Output the lines from the one holding "sintetici che sostituissero" to the end of the entries that follow, exactly and only those, minus any pictures.

Data to examine START

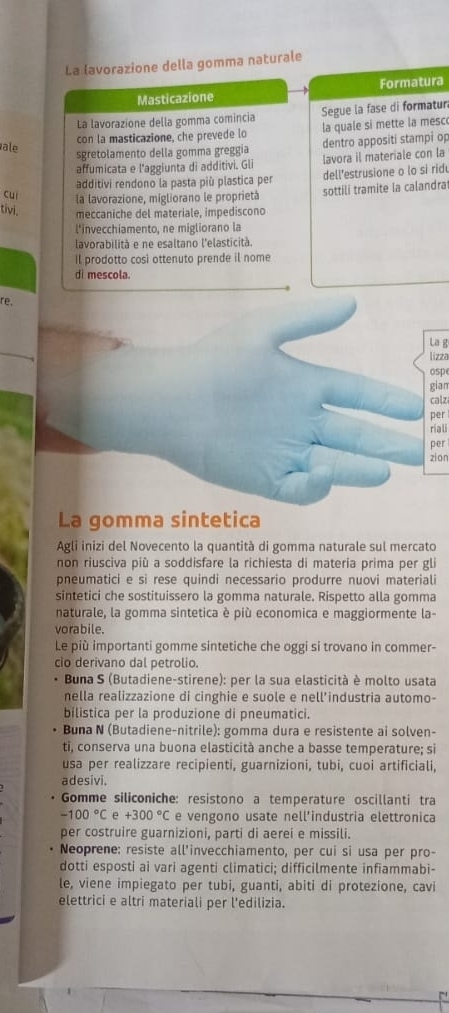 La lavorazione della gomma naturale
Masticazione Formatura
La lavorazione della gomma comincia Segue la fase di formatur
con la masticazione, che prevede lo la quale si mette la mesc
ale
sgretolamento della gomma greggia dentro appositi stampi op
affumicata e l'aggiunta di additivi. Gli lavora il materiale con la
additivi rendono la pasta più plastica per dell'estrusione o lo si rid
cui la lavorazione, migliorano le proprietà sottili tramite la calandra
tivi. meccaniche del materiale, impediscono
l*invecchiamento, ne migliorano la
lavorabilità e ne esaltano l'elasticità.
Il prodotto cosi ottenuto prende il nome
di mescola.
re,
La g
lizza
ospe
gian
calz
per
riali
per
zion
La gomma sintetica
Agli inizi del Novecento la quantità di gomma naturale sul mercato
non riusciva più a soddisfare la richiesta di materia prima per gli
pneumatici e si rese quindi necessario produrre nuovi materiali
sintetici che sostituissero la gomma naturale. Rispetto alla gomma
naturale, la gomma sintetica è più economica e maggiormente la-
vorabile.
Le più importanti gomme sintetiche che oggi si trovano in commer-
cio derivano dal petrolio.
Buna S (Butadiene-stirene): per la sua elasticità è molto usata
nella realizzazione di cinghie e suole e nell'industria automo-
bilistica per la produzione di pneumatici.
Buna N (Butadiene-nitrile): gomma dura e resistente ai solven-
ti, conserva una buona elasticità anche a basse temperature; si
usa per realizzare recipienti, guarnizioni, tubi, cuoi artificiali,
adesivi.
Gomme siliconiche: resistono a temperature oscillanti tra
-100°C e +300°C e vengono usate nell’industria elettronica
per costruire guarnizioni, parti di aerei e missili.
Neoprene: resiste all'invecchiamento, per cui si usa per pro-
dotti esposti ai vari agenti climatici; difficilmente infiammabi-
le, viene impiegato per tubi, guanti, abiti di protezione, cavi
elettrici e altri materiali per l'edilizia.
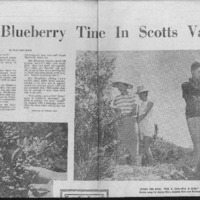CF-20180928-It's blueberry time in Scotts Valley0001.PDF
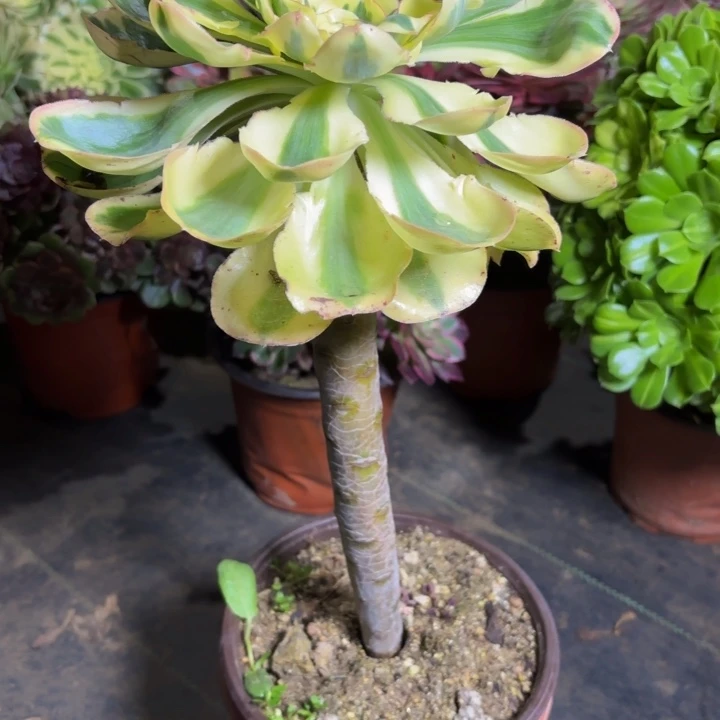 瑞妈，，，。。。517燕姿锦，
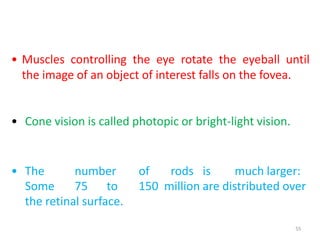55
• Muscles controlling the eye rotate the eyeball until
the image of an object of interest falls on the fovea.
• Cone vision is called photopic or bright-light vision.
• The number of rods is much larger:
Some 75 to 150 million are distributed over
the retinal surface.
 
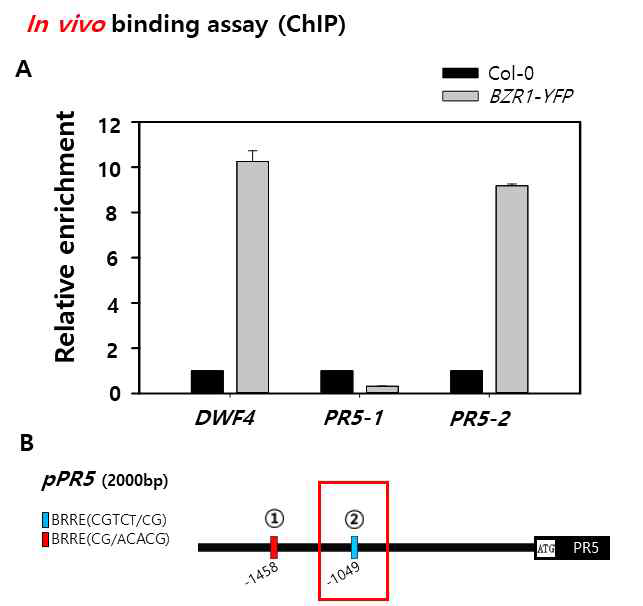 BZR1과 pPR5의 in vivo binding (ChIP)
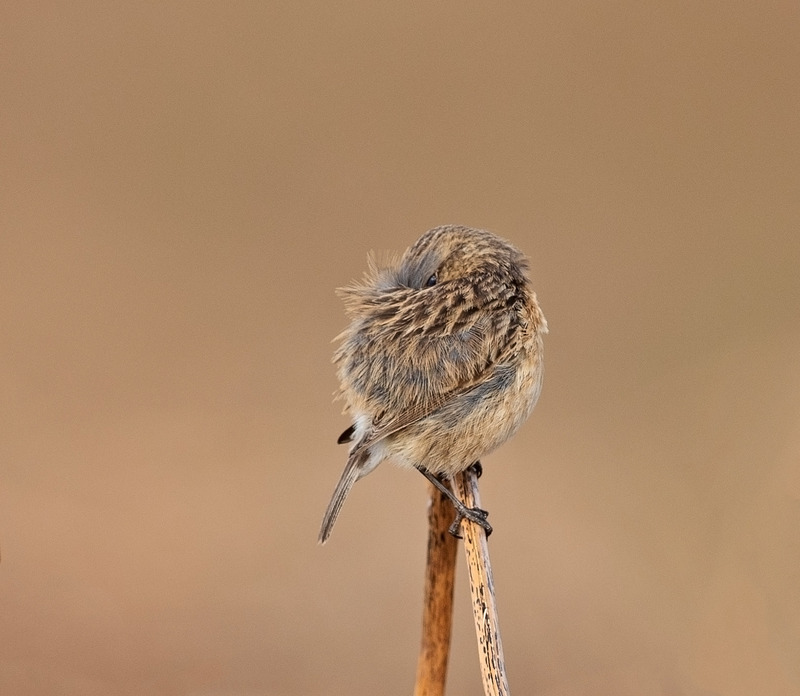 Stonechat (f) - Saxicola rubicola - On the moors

Data to examine END

## Response area
sintetici che sostituissero la gomma naturale. Rispetto alla gomma
naturale, la gomma sintetica è più economica e maggiormente la-
vorabile.
Le più importanti gomme sintetiche che oggi si trovano in commer-
cio derivano dal petrolio.
Buna S (Butadiene-stirene): per la sua elasticità è molto usata
nella realizzazione di cinghie e suole e nell'industria automo-
bilistica per la produzione di pneumatici.
Buna N (Butadiene-nitrile): gomma dura e resistente ai solven-
ti, conserva una buona elasticità anche a basse temperature; si
usa per realizzare recipienti, guarnizioni, tubi, cuoi artificiali,
adesivi.
Gomme siliconiche: resistono a temperature oscillanti tra
-100°C e +300°C e vengono usate nell’industria elettronica
per costruire guarnizioni, parti di aerei e missili.
Neoprene: resiste all'invecchiamento, per cui si usa per pro-
dotti esposti ai vari agenti climatici; difficilmente infiammabi-
le, viene impiegato per tubi, guanti, abiti di protezione, cavi
elettrici e altri materiali per l'edilizia.
CF-20180928-It's blueberry time in Scotts Valley0001.PDF
 瑞妈，，，。。。517燕姿锦，
55
• Muscles controlling the eye rotate the eyeball until
the image of an object of interest falls on the fovea.
• Cone vision is called photopic or bright-light vision.
• The number of rods is much larger:
Some 75 to 150 million are distributed over
the retinal surface.
 
 BZR1과 pPR5의 in vivo binding (ChIP)
 Stonechat (f) - Saxicola rubicola - On the moors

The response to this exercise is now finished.